Custom ScriptΒΆ

A basic approach is a custom script that generates a database according to the Cinema Specifications, CinemaScience Specifications. This approach may be appropriate for both simulation and experimental data, run statistics, or other already extant datasets. Taking in one CDB, performing analysis and outputting an updated CDB is a common workflow.

Any programming language can be used but here we demonstrate a pandas dataframe approach. In this pseudo-script, an input CSV file is read in, manipulated, has a final image FILE column added and then is written out to a CDB. Along the way, the necessary directories are created and the images are moved over from an input directory to the data/image directory.

#! /usr/bin/env python
# Psuedo code to generate a custom Cinema Database

import sys, os
import pandas as pd

###############################################
# writes the data frame to the CDB data.csv file
################################################
def write_data(fname, df):
    sys.stderr.write ("Writing Cinema database data.csv...\n")

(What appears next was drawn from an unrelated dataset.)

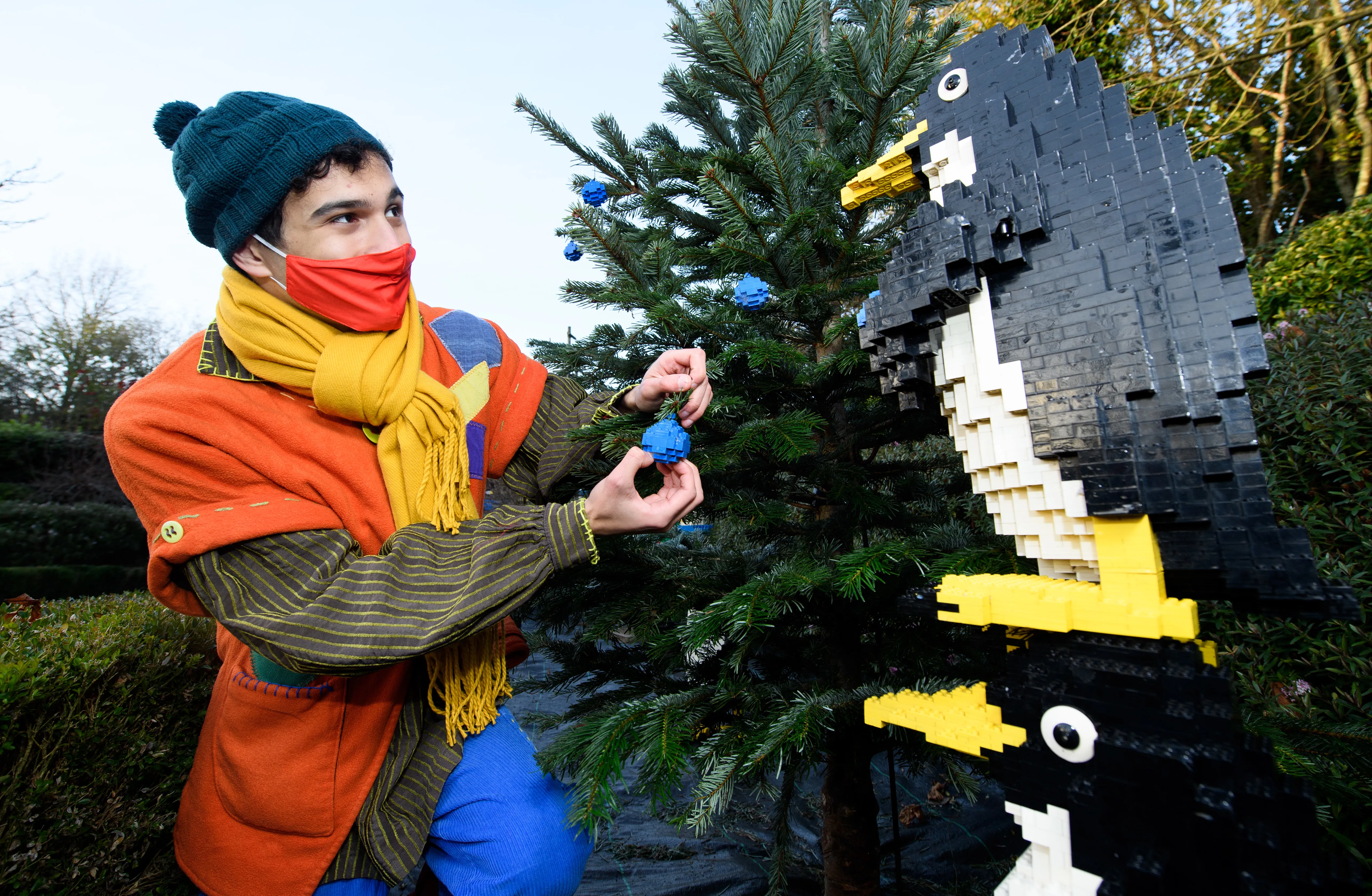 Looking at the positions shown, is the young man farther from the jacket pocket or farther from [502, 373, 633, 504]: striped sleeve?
[502, 373, 633, 504]: striped sleeve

    with open(fname, "w") as output:
                df.to_csv(fname, mode='w', sep=',' , index=False)
################################################

# get database parameters from sys.argv
runParams = [180101, 00]   # Default run params
if len(sys.argv) == 3:
    runParams[0] = int( float(sys.argv[1]) )
    runParams[1] = int( float(sys.argv[2]) )
else:
    sys.stderr.write ( ("Warning, no run information, using defaults: {};{}\n").format(runParams[0],runParams[1]) )

# Setup CDB directory structure and default image for file
sys.stderr.write ( 'Run Params: {}_{}\n'.format(runParams[0],runParams[1]))
sys.stderr.write ( 'Creating Cinema Database directory structure ...\n' )
inputDir = 'input/'
dataDir  = 'data/run_{}_{}.cdb'.format(runParams[0],runParams[1] )
imageDir = dataDir+'/image'
defaultFILEimg = 'cinemaNoFILE.png'

# check for dataDir; copy default File img to image directory
os.makedirs(dataDir, exist_ok=True)
os.system('/bin/cp ' + defaultFILEimg +' '+ imageDir+'/.')

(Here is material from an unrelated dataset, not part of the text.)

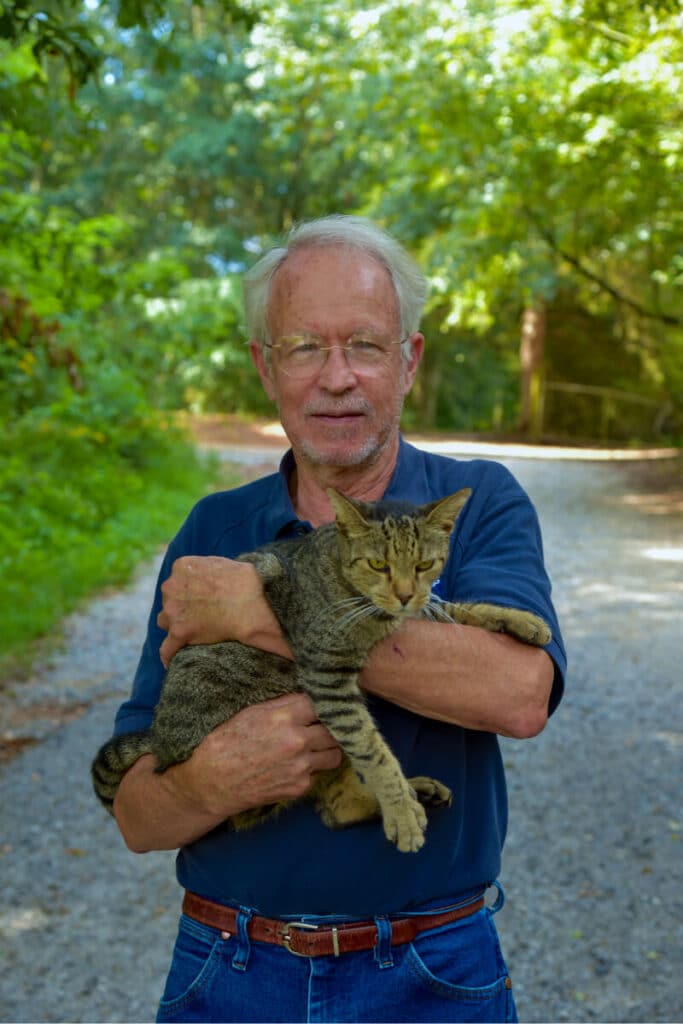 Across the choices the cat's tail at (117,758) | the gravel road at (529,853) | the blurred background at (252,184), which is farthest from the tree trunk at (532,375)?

# Read in the already-existing dataset
sys.stderr.write ("Reading in datafile file...\n")
inputFile = inputDir + 'run_{}_{}.csv'.format(runParams[0],runParams[1] )
dfRun = pd.read_csv(inputFile, sep=',')

#  manipulate the dfRun dataframe:
sys.stderr.write ("Analysis and Image File Code Block...\n")
dfRun['newVar'] = dfRun['var1']/dfRun['var2']    # perform some analysis
if 'uselessProperty' in dfRun.columns:           # delete a column
    dfRun = dfRun.drop(['uselessProperty'], axis =1)
# ...etc...
dfRun['FILE'] = defaultFILEimg                   # add the final FILE column for images
for index, row in dfRun.iterrows():              # select an image to show for that row
    thisValue = row['newVar']
    thisImage = inputDir + 'run_{}_{}_{}.png'.format(thisValue, runParams[0],runParams[1])
    if os.path.isfile(thisImage):                # check if it exists and if so
         row['FILE'] = imageDir + thisImage      # set the FILE variable to that image
         os.system('/bin/mv ' + inputDir+thisImage +' '+ imageDir+'/.')  # and move it to the image directory

# Write out the dataframe to a Cinema database data.csv
datafilename = dataDir+'/data.csv'
write_data( datafilename, dfRun)

Alternately, one can use a text editor or spreadsheet program to generate the necessary CSV files.